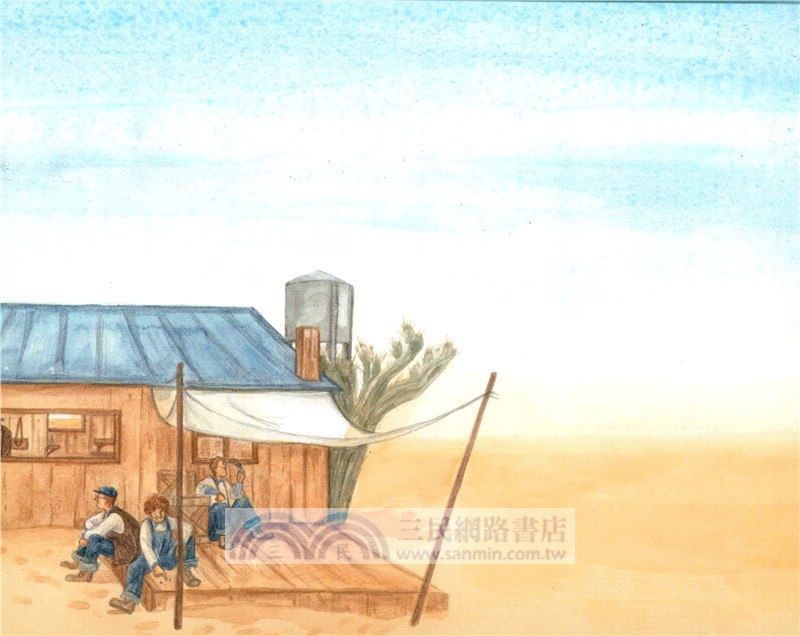 三個旅行者（簡體書）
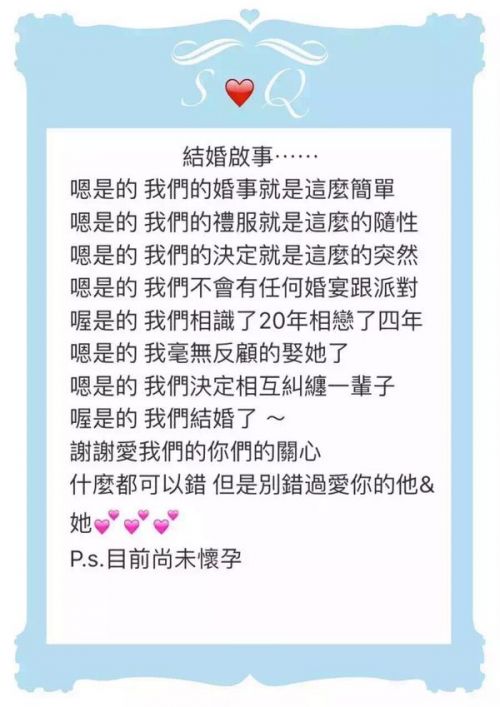 抢了吴彦祖男朋友的舒淇，等了20年终于嫁给爱情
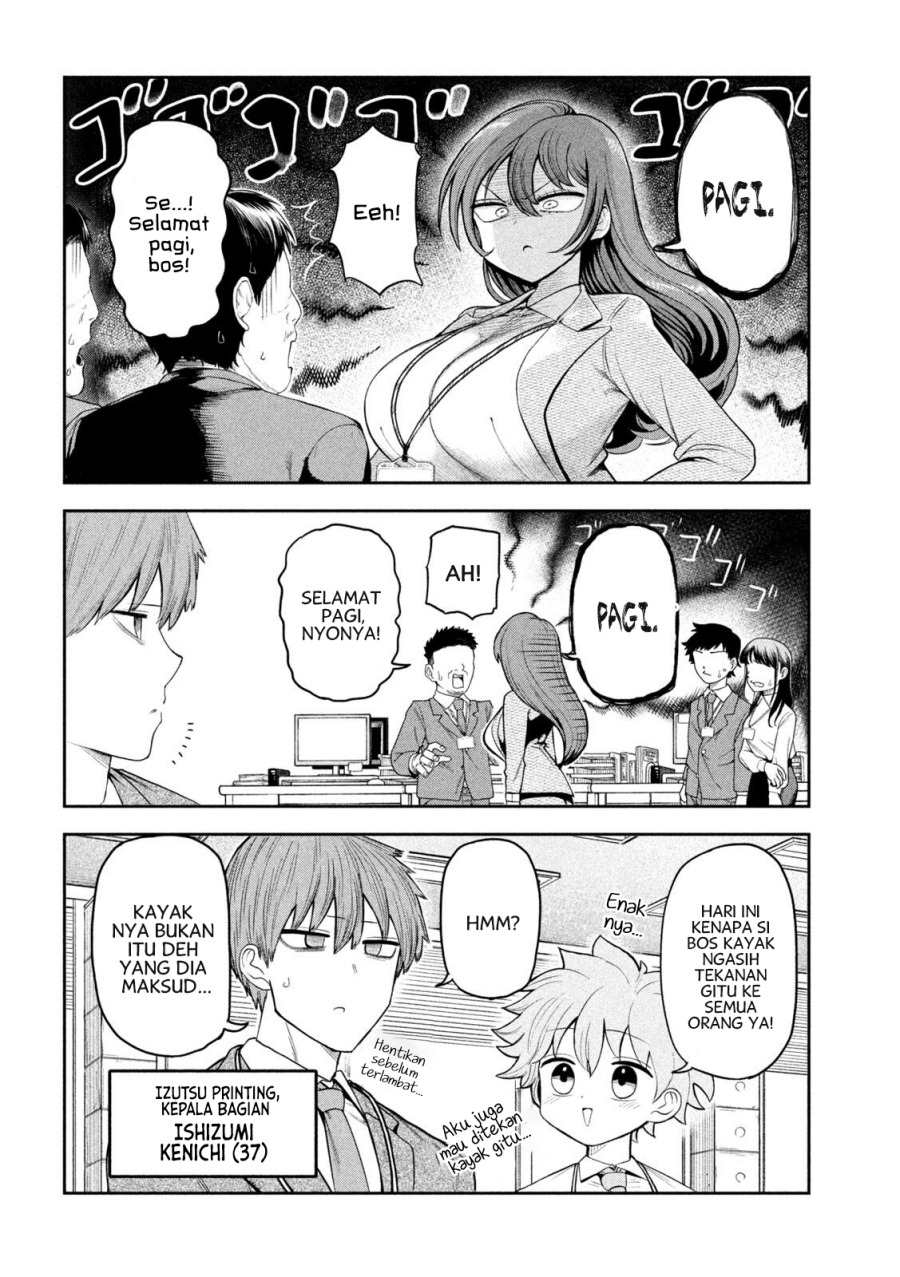 Shachou to Sake to Hoshi chapter 3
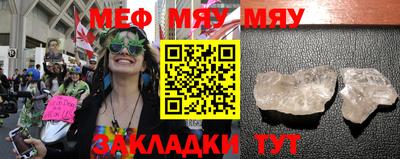 MDMA Малоярославец
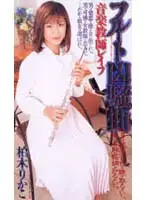 shk146 JAV Movie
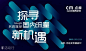 另辟蹊径，探寻谷歌国内流量新机遇 : 活动行提供另辟蹊径，探寻谷歌国内流量新机遇门票优惠。另辟蹊径，探寻谷歌国内流量新机遇由（）在北京举办，预约报名截止（2019/12/11 16:30:00）。一键查询（另辟蹊径，探寻谷歌国内流量新机遇）相关信息，包含时间、 地点、日程、价格等信息，在线报名，轻松快捷。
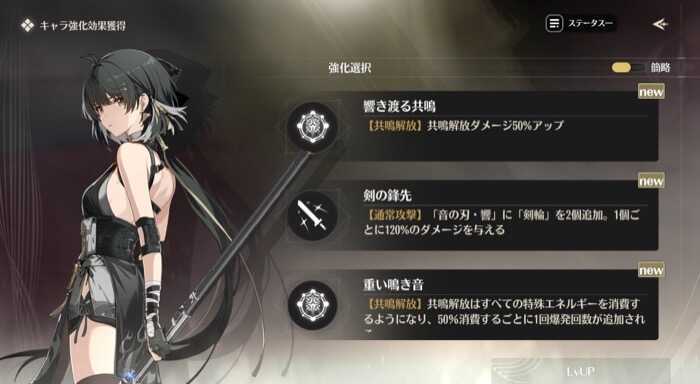 キャラ強化効果選択画面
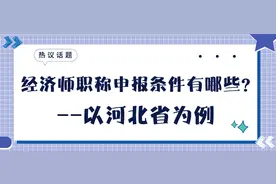 经济师职称申报条件有哪些？--以河北省为例图片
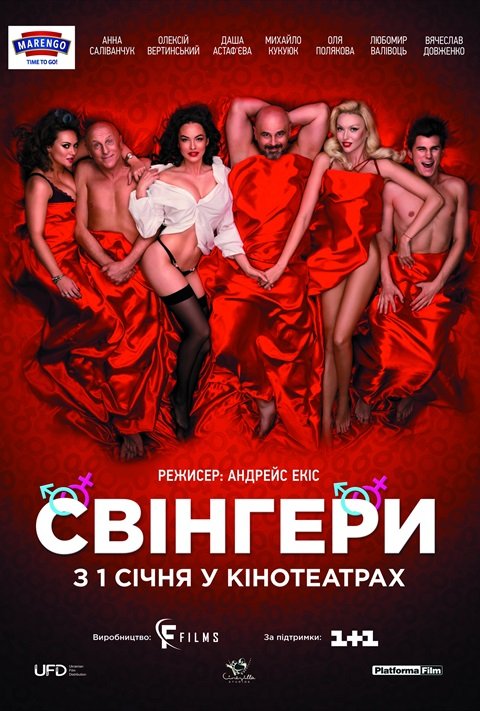 Svingeri Ukrainā - posters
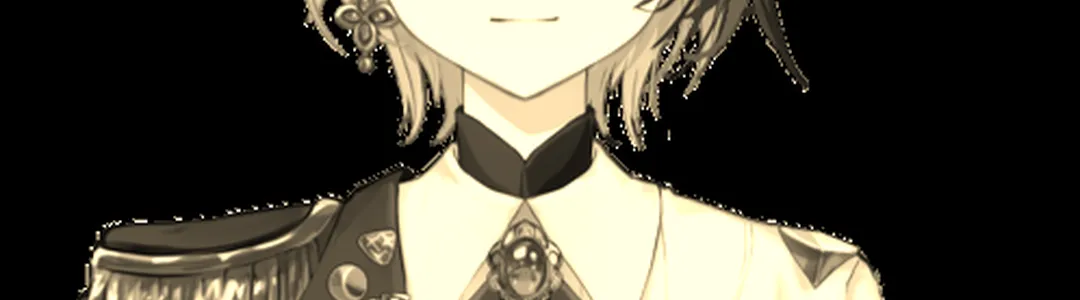 Rin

Problem to work on: The records above should be output exactly, but without any of their pictures.

Result for this task:
 三個旅行者（簡體書）
 抢了吴彦祖男朋友的舒淇，等了20年终于嫁给爱情
 Shachou to Sake to Hoshi chapter 3
 MDMA Малоярославец
 shk146 JAV Movie
 另辟蹊径，探寻谷歌国内流量新机遇 : 活动行提供另辟蹊径，探寻谷歌国内流量新机遇门票优惠。另辟蹊径，探寻谷歌国内流量新机遇由（）在北京举办，预约报名截止（2019/12/11 16:30:00）。一键查询（另辟蹊径，探寻谷歌国内流量新机遇）相关信息，包含时间、 地点、日程、价格等信息，在线报名，轻松快捷。
 キャラ強化効果選択画面
 经济师职称申报条件有哪些？--以河北省为例图片
 Svingeri Ukrainā - posters
 Rin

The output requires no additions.